RECORDS FOR THIS EXERCISE
┄┄┄┄┄┄
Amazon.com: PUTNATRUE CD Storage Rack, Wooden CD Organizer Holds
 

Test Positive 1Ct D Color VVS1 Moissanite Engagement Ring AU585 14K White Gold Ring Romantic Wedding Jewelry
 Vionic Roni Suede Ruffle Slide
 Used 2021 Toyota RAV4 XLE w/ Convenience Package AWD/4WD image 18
┄┄┄┄┄┄
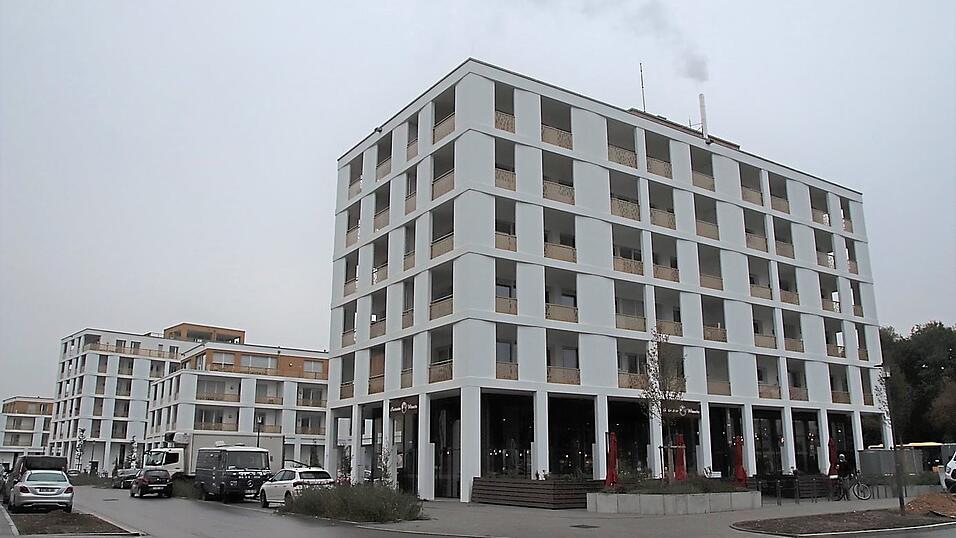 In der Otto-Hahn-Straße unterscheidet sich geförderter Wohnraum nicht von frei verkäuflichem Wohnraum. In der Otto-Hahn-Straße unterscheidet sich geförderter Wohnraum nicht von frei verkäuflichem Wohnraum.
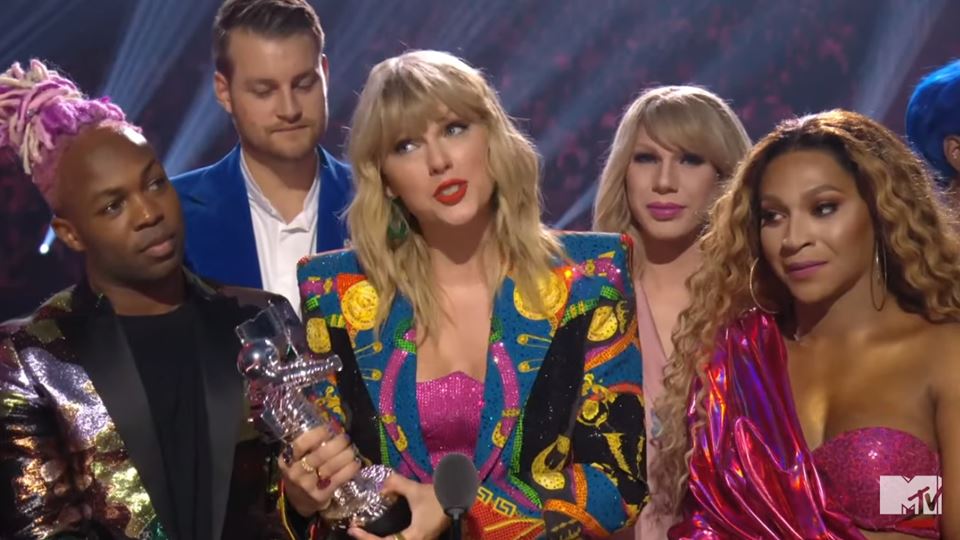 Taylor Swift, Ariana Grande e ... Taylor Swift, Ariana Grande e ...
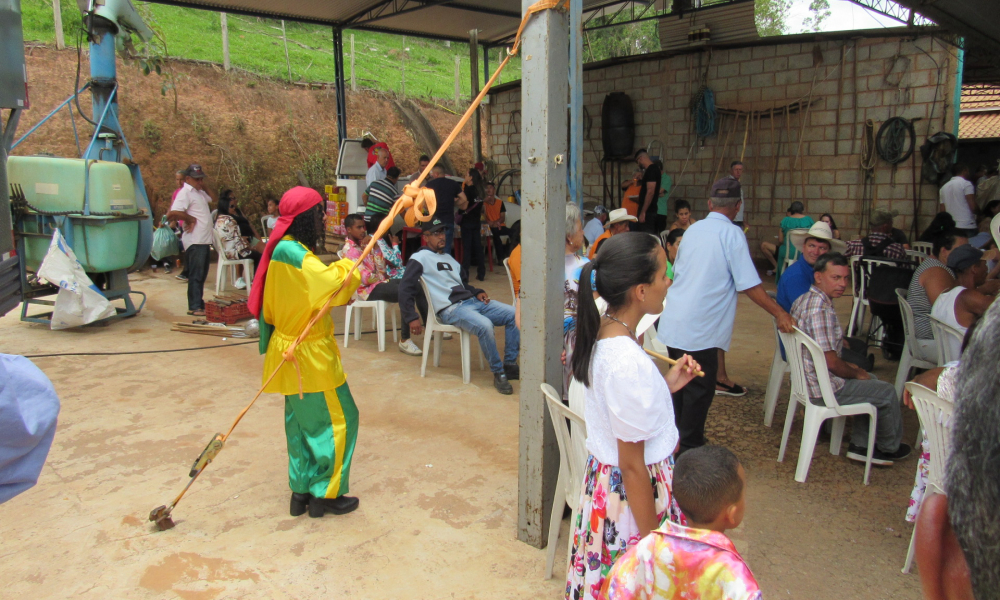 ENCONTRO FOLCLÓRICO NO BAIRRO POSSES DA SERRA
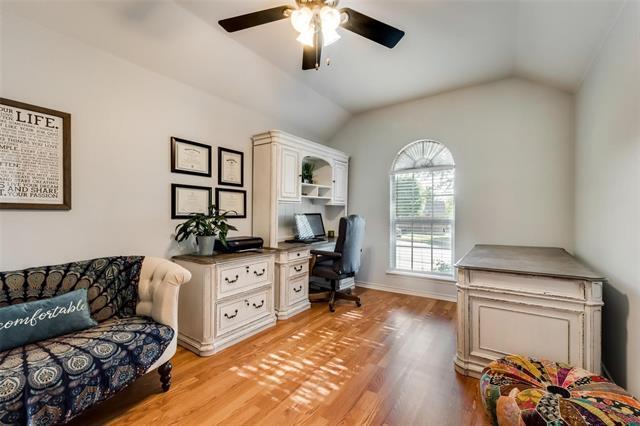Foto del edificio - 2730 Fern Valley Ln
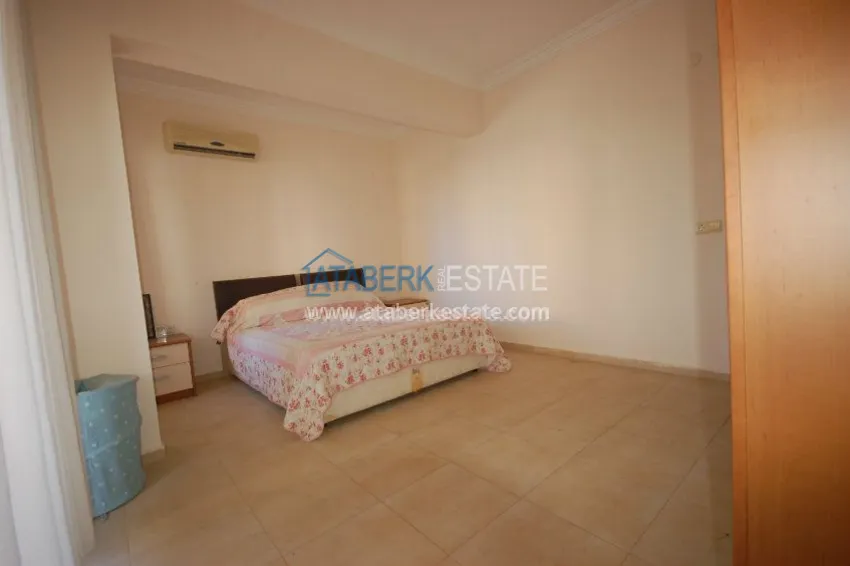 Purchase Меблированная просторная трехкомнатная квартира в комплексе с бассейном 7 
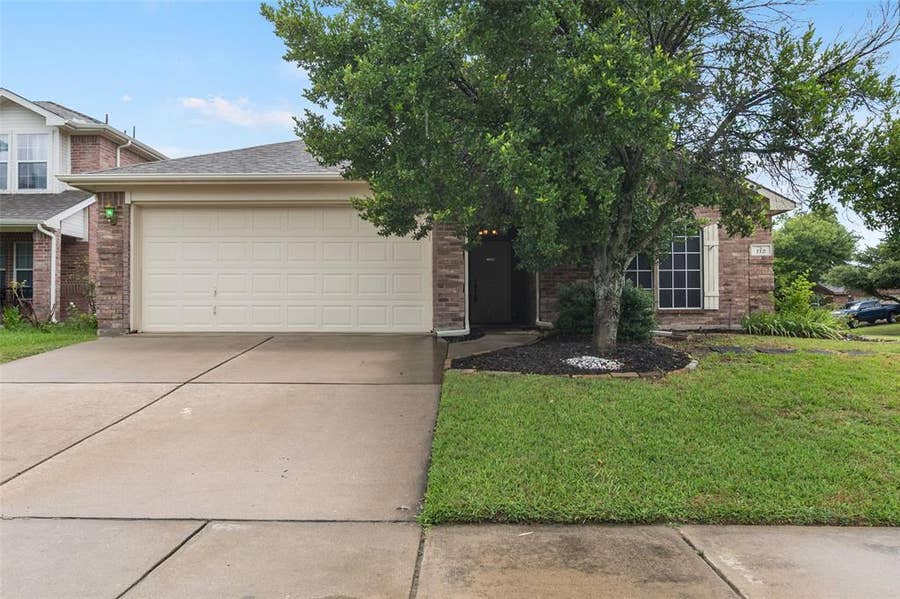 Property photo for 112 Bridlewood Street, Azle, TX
┄┄┄┄┄┄
INSTRUCTIONS TO FOLLOW
Having found the line with "verkäuflichem Wohnraum. In" and the line with "Property photo for" in the material above, write out exactly those two and every line between, leaving the pictures out.

ANSWER TO THE EXERCISE
 In der Otto-Hahn-Straße unterscheidet sich geförderter Wohnraum nicht von frei verkäuflichem Wohnraum. In der Otto-Hahn-Straße unterscheidet sich geförderter Wohnraum nicht von frei verkäuflichem Wohnraum.
 Taylor Swift, Ariana Grande e ... Taylor Swift, Ariana Grande e ...
 ENCONTRO FOLCLÓRICO NO BAIRRO POSSES DA SERRA
Foto del edificio - 2730 Fern Valley Ln
 Purchase Меблированная просторная трехкомнатная квартира в комплексе с бассейном 7 
 Property photo for 112 Bridlewood Street, Azle, TX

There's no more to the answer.